• Introduces Mark Cabana, Head of US Rates Strategy at Bank of America Securities, to discuss bond market and Fed decision.
    speaker1
  • Mark Cabana
    Fed is very divided, which is not uncommon at an economic turning point. Hard for them to sound hawkish with so much backlogged data yet to come.
  • Mark Cabana
    Most important data point is the unemployment rate. Fed only expects it to go to 4.5%; if data shows it going to 4.6% or higher, the Fed's tone will change dramatically.
  • Mark Cabana
    Market thinks the Fed is done and will stay on hold. If unemployment rate continues to tick up, watch out because rates are going to continue to drop.
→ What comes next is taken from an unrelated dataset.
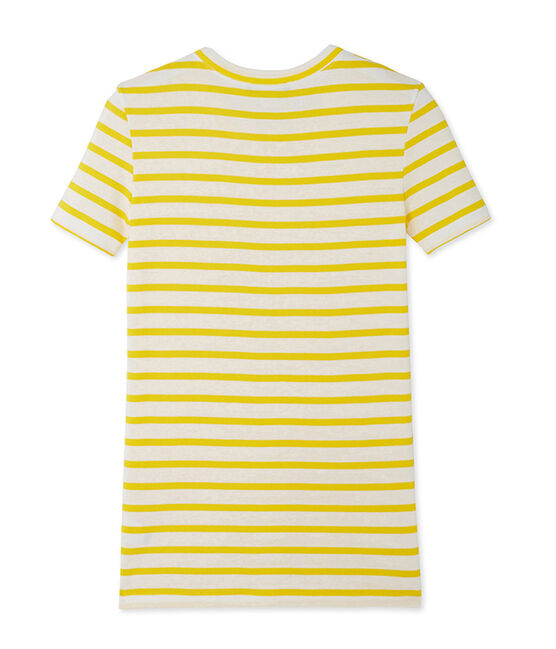 Gestreiftes Damen-T-Shirt aus Original-Rippstrick gelb SHINE/weiss MARSHMALLOW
  • Notes Powell's optimism on disinflation and structural productivity growth, suggesting Fed won't stand in way of higher GDP if no reflation.
    speaker3
  • Mark Cabana
    Powell sounded more optimistic on disinflation, thinks inflation will fall once tariff effects roll out, giving Fed green light to keep cutting.
  • Mark Cabana
    Recalibration would be a pulling forward of rate cut timing and cutting below where market thinks Fed will stop (~3% nominal).
  • Mark Cabana
    Fed announced large-scale bill purchases. These are NOT quantitative easing, not designed to remove duration risk or signal future policy.
  • Mark Cabana
    Must view Fed action in concert with Treasury, which is issuing more at front end (T-Bills), removing duration risk. Fed buying bills complements this.
  • Mark Cabana
    Quantitative easing was mostly a psychological operation. The combination of Treasury and Fed actions works in that direction, easing financial conditions.